Pete tried to make conversation, but his attempts were rather one-sided: Stump just stared out the window and at his hands sometimes, only replying when acutely neccessary, and I pretended to be absorbed in my notes so I wouldn't have to talk to Pete. Or look at Pete. Or think about Pete.

Of course, that was impossible. In fact, as the city moved past the isolated world of me and Pete and Stump in the back of that limo, the shapes of the outside world glimpsed through the tinted windows blurred and insignificant, I could think of nothing but Pete.

The way the light emanating from that tiny flame played off his face, still and weary and beautiful. The pressure of his arms around my waist, his shoulder against my cheek, his chin on the top of my head. The nearness of him in that huge, dark room. The smile in his voice that shouldn't have been there, that warmed me from the inside out nonetheless as he promised that nothing would ever hurt me...

Short, bursts of memory and feeling and imagery--I hated them all with a sort of frantic desparation because I couldn't seem to shake them.
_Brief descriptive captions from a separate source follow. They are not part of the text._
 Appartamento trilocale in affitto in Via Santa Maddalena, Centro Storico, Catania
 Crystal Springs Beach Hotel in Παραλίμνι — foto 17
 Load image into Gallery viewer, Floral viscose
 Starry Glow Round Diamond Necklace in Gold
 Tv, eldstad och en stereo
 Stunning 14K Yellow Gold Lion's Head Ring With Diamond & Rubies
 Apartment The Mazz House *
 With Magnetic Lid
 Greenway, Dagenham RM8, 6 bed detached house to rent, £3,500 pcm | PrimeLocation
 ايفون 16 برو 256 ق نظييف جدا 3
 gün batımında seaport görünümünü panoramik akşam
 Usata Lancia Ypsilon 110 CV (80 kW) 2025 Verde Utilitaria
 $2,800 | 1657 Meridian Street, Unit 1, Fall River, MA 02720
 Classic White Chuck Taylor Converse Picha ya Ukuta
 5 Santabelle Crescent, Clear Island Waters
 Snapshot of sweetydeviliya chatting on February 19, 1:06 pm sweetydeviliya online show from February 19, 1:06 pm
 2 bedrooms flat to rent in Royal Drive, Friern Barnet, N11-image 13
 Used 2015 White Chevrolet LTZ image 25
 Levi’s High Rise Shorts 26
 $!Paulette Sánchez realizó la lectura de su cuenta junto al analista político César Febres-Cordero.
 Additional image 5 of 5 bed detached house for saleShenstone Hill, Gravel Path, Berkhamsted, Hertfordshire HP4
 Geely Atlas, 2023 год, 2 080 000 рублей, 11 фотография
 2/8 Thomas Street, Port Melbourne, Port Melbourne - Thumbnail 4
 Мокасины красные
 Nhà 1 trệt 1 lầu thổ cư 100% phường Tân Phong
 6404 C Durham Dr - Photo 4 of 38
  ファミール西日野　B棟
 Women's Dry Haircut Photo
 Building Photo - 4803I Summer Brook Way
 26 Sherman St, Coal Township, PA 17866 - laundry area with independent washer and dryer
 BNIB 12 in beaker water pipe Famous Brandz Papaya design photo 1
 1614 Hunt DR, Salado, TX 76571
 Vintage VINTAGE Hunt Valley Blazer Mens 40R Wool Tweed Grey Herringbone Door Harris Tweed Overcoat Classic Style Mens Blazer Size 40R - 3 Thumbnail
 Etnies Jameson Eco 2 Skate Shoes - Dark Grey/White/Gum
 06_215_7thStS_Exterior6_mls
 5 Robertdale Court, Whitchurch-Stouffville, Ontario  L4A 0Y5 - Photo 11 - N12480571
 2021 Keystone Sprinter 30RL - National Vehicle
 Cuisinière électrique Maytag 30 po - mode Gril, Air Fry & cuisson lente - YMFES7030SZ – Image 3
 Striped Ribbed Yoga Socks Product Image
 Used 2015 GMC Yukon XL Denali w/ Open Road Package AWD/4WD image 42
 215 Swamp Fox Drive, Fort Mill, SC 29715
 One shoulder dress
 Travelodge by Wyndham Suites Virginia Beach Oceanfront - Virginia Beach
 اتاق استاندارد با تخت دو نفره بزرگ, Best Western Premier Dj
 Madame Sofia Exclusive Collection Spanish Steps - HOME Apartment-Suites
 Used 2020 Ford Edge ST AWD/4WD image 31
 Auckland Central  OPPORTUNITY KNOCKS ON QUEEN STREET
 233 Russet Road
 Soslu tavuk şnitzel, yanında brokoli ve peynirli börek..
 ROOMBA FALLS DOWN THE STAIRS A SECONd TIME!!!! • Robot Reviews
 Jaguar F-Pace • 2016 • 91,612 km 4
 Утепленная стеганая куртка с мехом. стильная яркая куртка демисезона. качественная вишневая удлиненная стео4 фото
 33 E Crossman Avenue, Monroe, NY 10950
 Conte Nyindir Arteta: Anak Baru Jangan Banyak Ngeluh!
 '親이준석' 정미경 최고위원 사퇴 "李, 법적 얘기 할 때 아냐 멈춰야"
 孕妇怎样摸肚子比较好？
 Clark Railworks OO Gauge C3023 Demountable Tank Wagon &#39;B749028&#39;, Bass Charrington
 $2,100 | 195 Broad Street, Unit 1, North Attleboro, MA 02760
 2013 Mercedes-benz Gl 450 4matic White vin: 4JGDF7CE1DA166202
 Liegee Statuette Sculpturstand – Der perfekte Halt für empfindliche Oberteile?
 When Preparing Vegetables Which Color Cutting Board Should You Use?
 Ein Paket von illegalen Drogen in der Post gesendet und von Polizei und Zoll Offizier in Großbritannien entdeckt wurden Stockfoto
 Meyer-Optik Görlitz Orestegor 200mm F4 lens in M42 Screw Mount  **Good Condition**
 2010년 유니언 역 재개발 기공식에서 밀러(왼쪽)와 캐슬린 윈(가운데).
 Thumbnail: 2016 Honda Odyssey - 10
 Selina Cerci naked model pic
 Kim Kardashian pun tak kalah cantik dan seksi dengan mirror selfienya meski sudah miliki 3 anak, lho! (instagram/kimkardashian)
They had taken root in the worst way possible, so here I was, avoiding Pete Wentz's gaze while I fantasized about the glitter of his dark eyes in the glow of a cheap gas station lighter's flame, knowing all too well how stupid and ridiculous and pathetic I was being.

He had only been only comforting me because I had been hysterical, not because he actually cared. Was my life really so sad that I had to imagine that a professional acquaintance of mine actually felt something for me on a personal level? That I had to misinterpret politeness, or even sheer neccessity, as compassion or empathy? Was I really so starved for affection?

Maybe.

I shook off the thought as I fidgeted with the notepad in my hand, reassuring myself that I knew damn well that Pete didn't give a shit about me. And I didn't care, either, because I didn't need him. My minor breakdown after the lights went out was, admittedly, extremely embarrassing, but that was all it was. I was never in any danger. I would have been fine without his help. And he probably didn't really help much anyway; after all, I was the one who eventually whipped out the lighter.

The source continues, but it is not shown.